Professor Paul Heywood

Professor Paul Heywood is the Sir Francis Hill Professor of European Politics, Faculty of Social Sciences at the University of Nottingham. Professor Heywood is author, co-author or editor of eighteen books and more than eighty journal articles and book chapters. His research focuses on political corruption, institutional design and state capacity in contemporary Europe. Recent funded research includes an ESRC/Hong Kong project on Integrity Management in the UK, HK and China, an EU FP7 project, ANTICORRP, on anti-corruption policies, and TACOD, an EU project on tackling corruption through open data. He was the UK Local Research Correspondent on Corruption (2012-16) for the European Commission's DG Home Affairs, helping to produce an EU Anti-Corruption Report. In 2015, Professor Heywood was appointed leader of a £3.6m British Academy/DFID Anti-Corruption Evidence programme (2015-18), designed to identify new initiatives that can help developing countries tackle the scourge of corruption and the negative impact it has on the lives of millions of people.
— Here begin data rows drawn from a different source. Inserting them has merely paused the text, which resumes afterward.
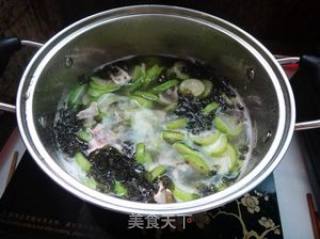 Seaweed and Loofah Lean Pork Soup recipe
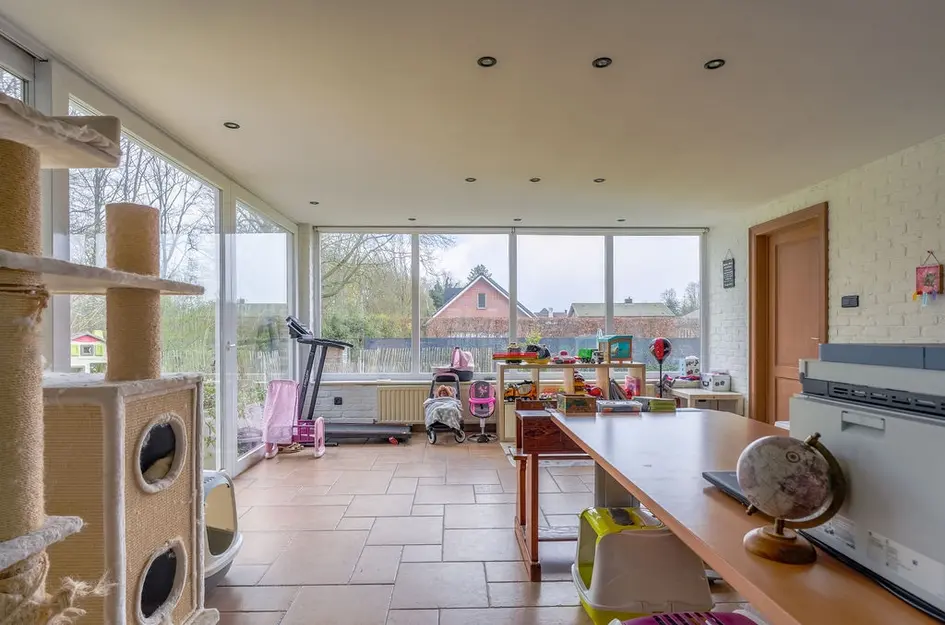 Steenweg op Ravels 305  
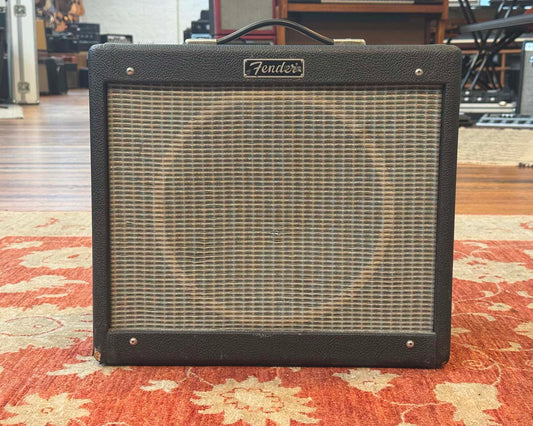 Fender Blues Junior 15 Watt 1x12" Guitar Amplifier Loaded with Celestion Blue Alnico 12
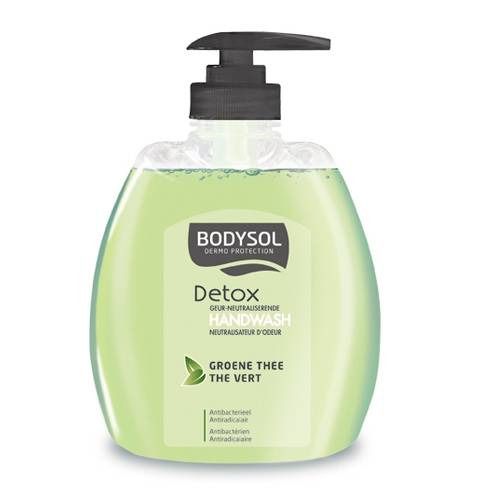 Sapone liquido verde con dispenser. Scritta: Bodysol Detox Handwash. Contiene tè verde. Antibatterico.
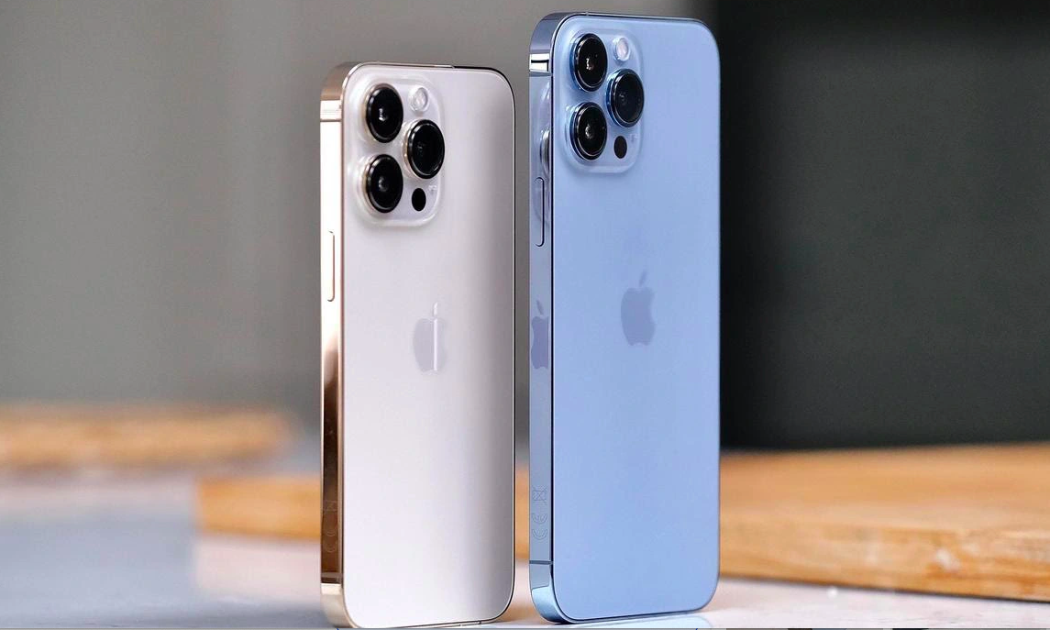 Phải vài tháng nữa iPhone 16 mới ra mắt, nhưng hiện giờ iPhone 15 promax cùng dung lượng cũng có giá chỉ dưới 29 triệu - Ảnh minh họa.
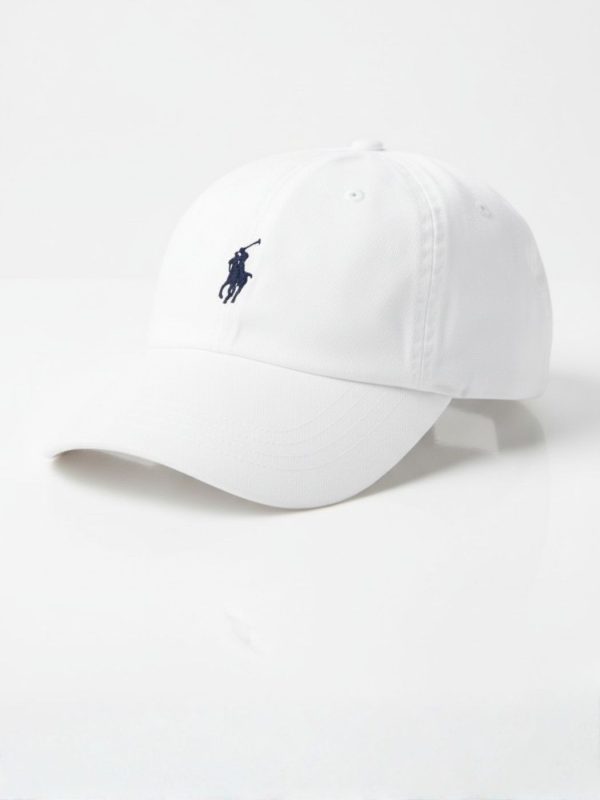 כובע פולו ראלף לורן לבן דגם קלאסי עם לוגו כחול כהה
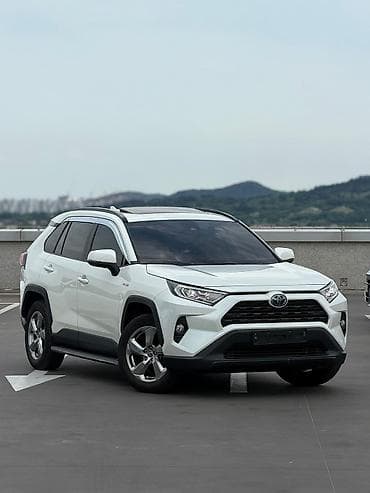 оригин: Toyota RAV4: 2021 г., 2.5 л, Автомат, Гибрид, Кроссовер — 3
The programme was subsequently extended until 2021 with an additional £5.5m support from DFID.

Martin Whitehead

Martin is a qualified accountant and has spent his professional career working in the ‘Big 4’ accounting firms specialising in investigating fraud and corruption in the public and private sectors, which has seen him work in more than 20 countries. In his work he has uncovered numerous types of earnings manipulation, including accounting fraud, bribery, and asset mis-appropriation. He is keen to leverage his practical experience in his academic studies to help develop our understanding of how and why corporate wrongdoing occurs and how its impact manifests in the short and medium term. Martin is currently pursuing his PhD at Cranfield School of Management. He is looking at how earnings management, disclosure and corporate governance practices are affected in the face of major financial scandal events which serve to severely tarnish a firm’s reputation and diminish its legitimacy. This research involves applying qualitative and quantitative techniques to interpret data through a number of theoretical lenses, including legitimacy, stakeholder and stewardship theory.